Thanks to all for valuable insight! Two comments: a) this is not actually time series data, but yes, each item has a timestamp and thus chronological attribution.
b) so, what do you practically recommend? I need to delete half a million to a million entries daily, then insert fresh data. What's the right operation procedure? For some reason I can still select on the index in the CLI, it's the Pycassa module that gives me trouble, but I need it as this is my platform and we are a Python shop. Maxim On 11/13/2011 7:22 PM, Peter Schuller wrote:
Deletions in Cassandra imply the use of tombstones (see http://wiki.apache.org/cassandra/DistributedDeletes) and under some circumstances reads can turn O(n) with respect to the amount of columns deleted, depending.
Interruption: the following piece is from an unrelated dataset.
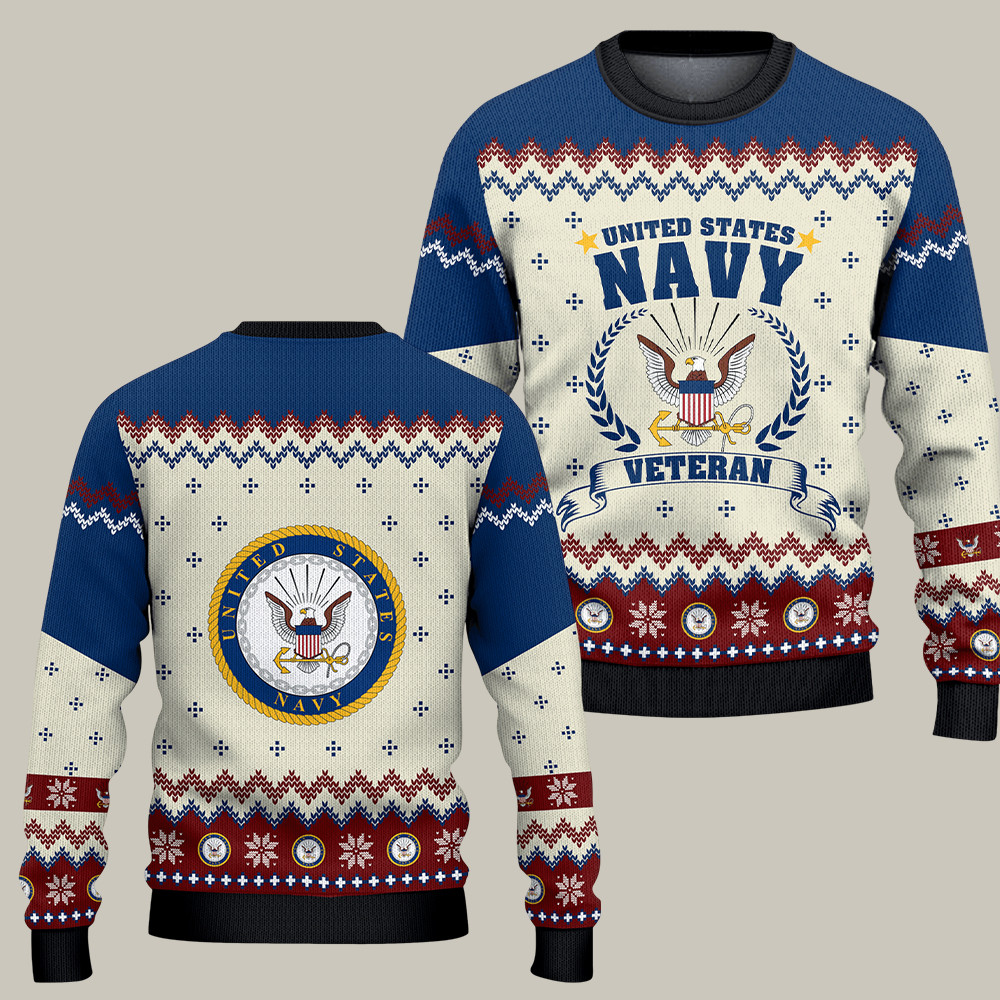 U.S. Navy Veteran 250th Anniversary Christmas Ugly Sweater USN Gifts For Patriotic Men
It sounds like this is what you're seeing. For example, suppose you're inserting a range of columns into a row, deleting it, and inserting another non-overlapping subsequent range. Repeat that a bunch of times. In terms of what's stored in Cassandra for the row you now have: tomb tomb tomb tomb .... actual data If you then do something like a slice on that row with the end-points being such that they include all the tombstones, Cassandra essentially has to read through and process all those tombstones (for the PostgreSQL aware: this is similar to the effect you can get if implementing e.g. a FIFO queue, where MIN(pos) turns O(n) with respect to the number of deleted entries until the last vacuum - improved in modern versions)).